Michael and I were recently invited to Ayatana – a popular restaurant on Chapel Street that marks itself as a Modern Thai and Wine Bar. I’ve been impressed with the improvement in eateries along Chapel Street in recent years. Not only was the food at Ayatana delicious, but the atmosphere vibrant, and, better still, the menu fully catered to the discerning vegetarian.
Michael: Tony, the owner, started the restaurant 14 months ago. Judging by the number of diners it seems the word has spread that he has put together a pretty good package.
Elisa: The first thing I noticed upon entering was the delicious scents of coconut and tamarind wafting from the kitchen. There was no Phad Thai – forcing me to move away from my default order. I smiled as I opened to the “Veggie” page of the menu.
Michael: The restaurant was quite full (surprising for a wintery Tuesday night) and there was a bubbly hum from the diners. The décor had strong contrasting colours of red, black and white. This would suggest a hectic ambience, but it did feel like walking into a sea of tranquillity. The calm ambience was created by the low light and the serenity of the welcoming and smiling staff. Even when the restaurant filled up with two big parties the two waitresses quietly and efficiently went about taking and delivering orders with a smile and reassuring grace.
Elisa: For wine, I ordered the Oakrigde Chardonnay. It was a pleasant wine but did not hold up against the chili – taking on a more metallic taste.
Michael: The attention to detail has been important in creating an appealing restaurant: not many wines by the glass, but all well-chosen (I had a Ten Minutes by Tractor Pinot Noir); I did notice that the waiters were vacuum sealing the wines after each pour; BYO wine is allowed; the stemware is a cut above the average.
Elisa: Michael’s wine held up to the food better than mine, its flavours were of raspberries and musk.
To begin we had the recommended ‘Sweet Crunchy Toasted Tamarind Rice’. This dish is part of the standard, rather than ‘Veggie’ menu but is popular and can be made vegetarian by missing fish sauce. This dish was made with crispy noodles, chili, cashew nuts, red onion, sprouts and bean shoots. It was very much like a papaya salad – flavourful – hot, tangy and also slightly sweet. The noodles were very crisp (a sign of freshness), the dish invigorating balanced by the salad leaves and bean shoots.
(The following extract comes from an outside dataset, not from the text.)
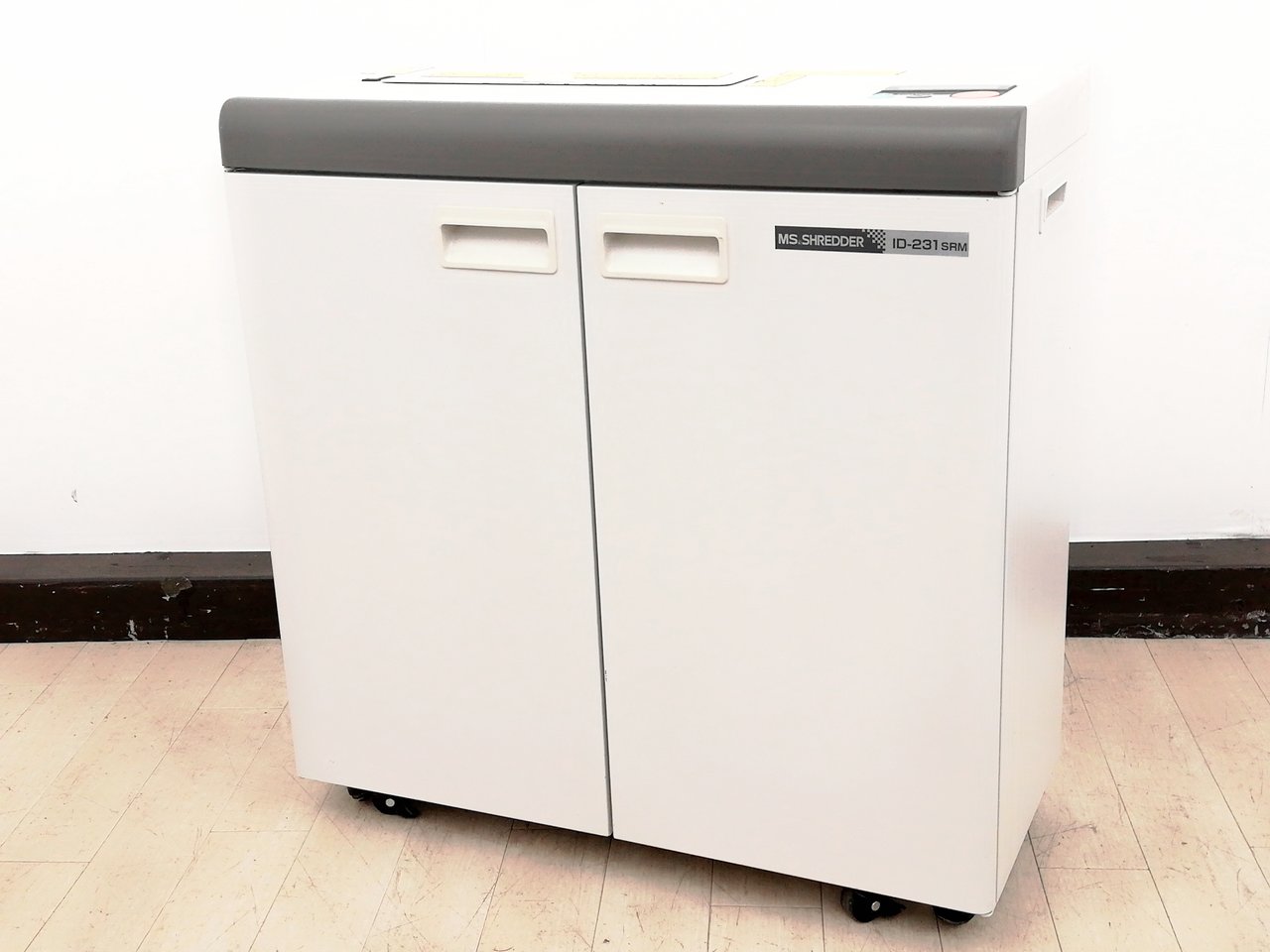 ID-231SRM　キャスター根本曲がってる　裁断とキャスター移動に問題ナシ
                        IDシリーズ 
                                    中古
Michael: The dishes are reasonably well priced and generous in proportions; the presentation of the food is done with great care; the ingredients are very fresh and high quality.
Elisa: For main we shared the tofu and mushrooms. The wild ginger filled our olfactories, it appeared in a Japanese style with a light sauce and spring onions. Beautifully silken tofu was cut in large chunks so that its taste was still discovered beyond the sauce of soy. This dish also contained cauliflower and broccoli, bean shoots and sprouts, and fresh coriander (no chilli). The sauce was like a salty soup.
Very nice food. Michael’s wine complemented this one.
Michael: The menu is not extensive but the dishes on offer are interesting, driven by flavour (rather than heat) and are innovative while maintaining authenticity.
Elisa: As a side we enjoyed egg that had been boiled then fried in tamarind giving it a tasty, crisp coating. This was served with fried garlic, salad leaves and a tamarind dressing. I took pleasure in the textures with the crunch of the fried garlic, fresh salad, juicy sauce mushy egg yolk and firm white. The flavours here were strongly of garlic and tamarind.
We also enjoyed the red curry made with jap pumpkin, sweet potato and tofu. This was prettily garnished with a sprig of Thai basil. Its sauce was bright orange, matching the sweet potato. The thin curry was flavoured heavily with kaffir lime, a bit of chilli and a hint of anise. It was not the veggies but the more-ish sauce that made this dish. Michael’s wine lost its richness against the curry.
Michael: I didn’t really need to have dessert, but felt the need to finish with something sweet. We decided to share the caramelised steamed banana. This was substantial so the sharing was a good idea. The dish had four pieces of steamed banana surrounded by a sweet caramel sauce. It was accompanied by caramelised macadamia nuts and a creamy vanilla ice-cream. The individual parts came together to provide an array of complementary flavours and textures: the whole was certainly bigger than the individual parts.
Elisa: I really loved this one too. It was attractively presented with the star anise and cinnamon. The bananas had been steamed till soft and then caramelised. The vanilla bean ice-cream was powdering on the tongue and at the base was a sublime palm sugar caramel. The warm macadamias were buttery and coated in toffee. A mouthful with all three gave me cold teeth from the ice-cream as I bit through the others. As the ice-cream melted, it became like a creme anglaise with warm banana.
Ayatana is open for dinner every night and for lunch Thursday to Saturday. It is best to book - we were dining on a Tuesday and surprised to find it full with others being turned away.